Small point - whoever mentioned Muamba upthread should remember that he was defibrillated within seconds/minutes of cardiac arrest, with immediate professional CPR to an athlete's heart....

and it didn't work. Nor did defibrillation work the next 20+ times they tried it. This is not uncommon. What saved Patrice Muamba was stunning physiological reserve and professional quality CPR.
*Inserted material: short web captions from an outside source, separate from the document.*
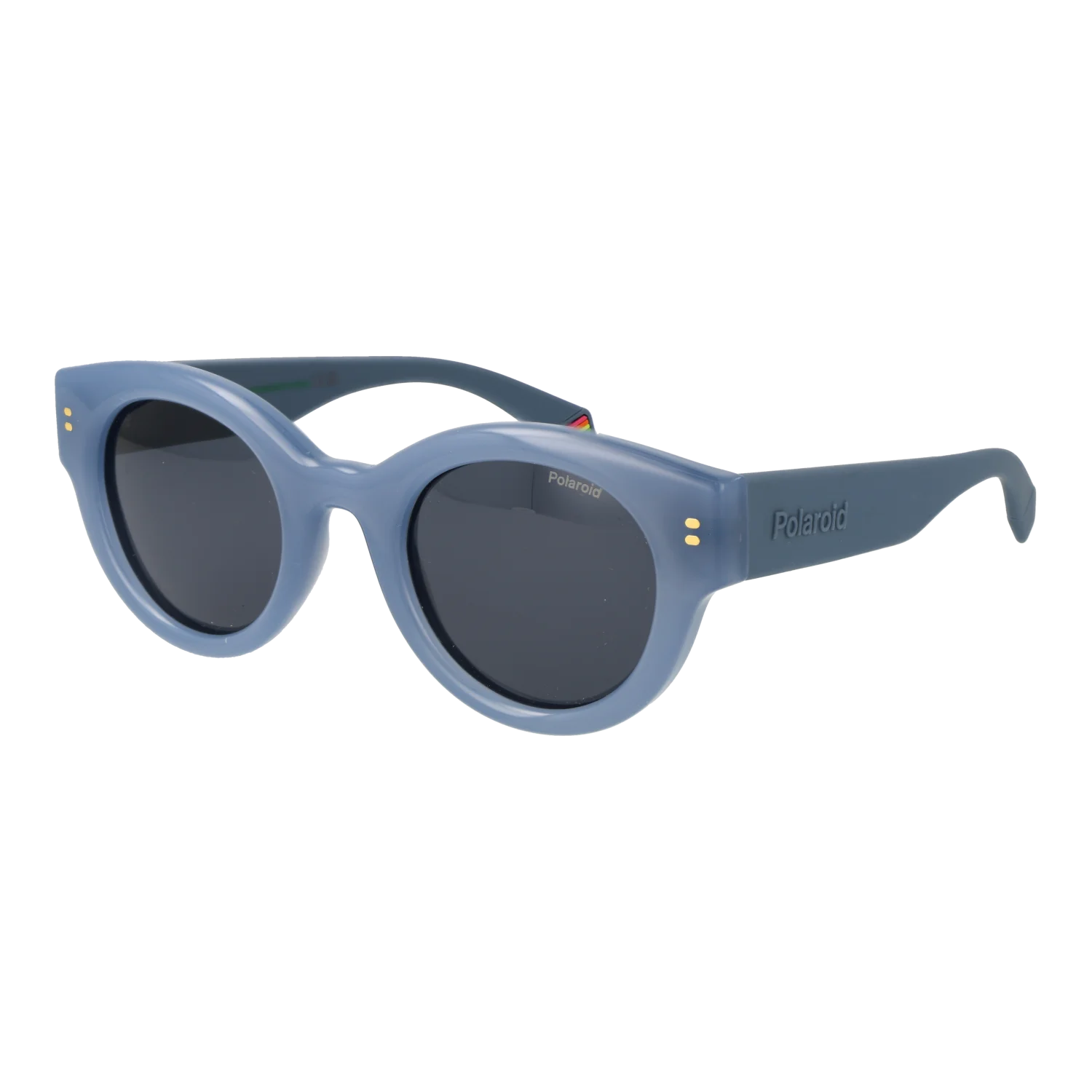 Polaroid Round sunglasses, Plastic frame, Polaroid Sunglasses PLD 6240/S/X MVUC3 48 – Burghley & Co (Image 1)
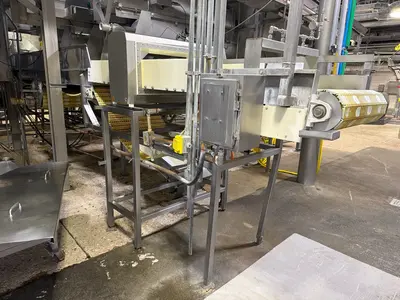 Used METTLER TOLEDO SAFELINE Metal Detectors Illinois US | M&M Equipment Corp. #1702373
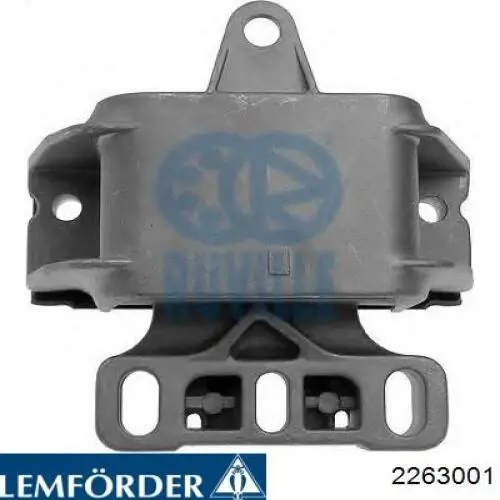 Soporte de motor izquierdo Lemforder 2263001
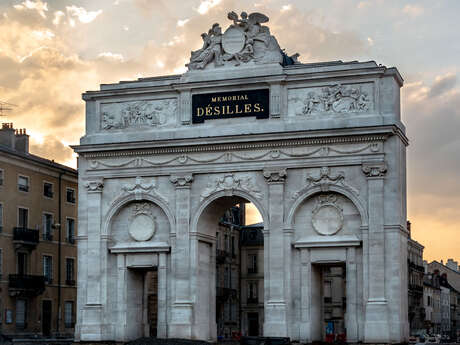 Mémorial Désilles - ville de Nancy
StealthPolarBear · 02/06/2012 19:15

I think gasmans posts are only actually visible to a select few. Maybe most people have blocked men :o

SauvignonBlanche · 02/06/2012 19:17

That explains why nobody is listening to her.
Or is it because she's talking sense?

OhDoAdmitMrsDeVere · 02/06/2012 20:00

But a defib will not put those without heart conditions at risk.
If there was an anti choking machine I am pretty sure thebota would want one of them as well

Alargeglassofred · 02/06/2012 20:01

Excuses! Started reading earlier, got way laid and now haven't the time to catch up! (will do overnight ). What you need is a PAD. Public access defib. Idiot proof. The whole community can utilise. We are just fitting one on the outside of our cricket club. It's free. Anyone who calls 999 gets a code nd instructions. No training needed. It's life saver. Any one could use it. For goodness sake get one.

holidaysarenice · 02/06/2012 23:10

4. There has been no consultation with parents to ascertain if they would be happy for their DCs to be defibrillated at school by a non-professional medic (I certainly wouldn't be)

WOULD YOU RATHER SOMEBODY DIED WAITING ON AN AMBULANCE? just because the local station is 5 mins away doesnt mean an ambulance is!!!
Why don't you just ask that all those using it would be well trained?

swooosh · 02/06/2012 23:18

YABU. Yes there is a very local ambo station BUT chances are the majority of the ambulances will be out on calls/way back or at the hospital. So could be a lot further away.

AEDs ARE fool proof. It is CPR that most importantly counts, however.

oopsi · 02/06/2012 23:28

YABVVVVU
Haven't read all 17 pages but why on god'd green earth would you not want your child defibrillated.Without that, their chance of survival would be very very slim.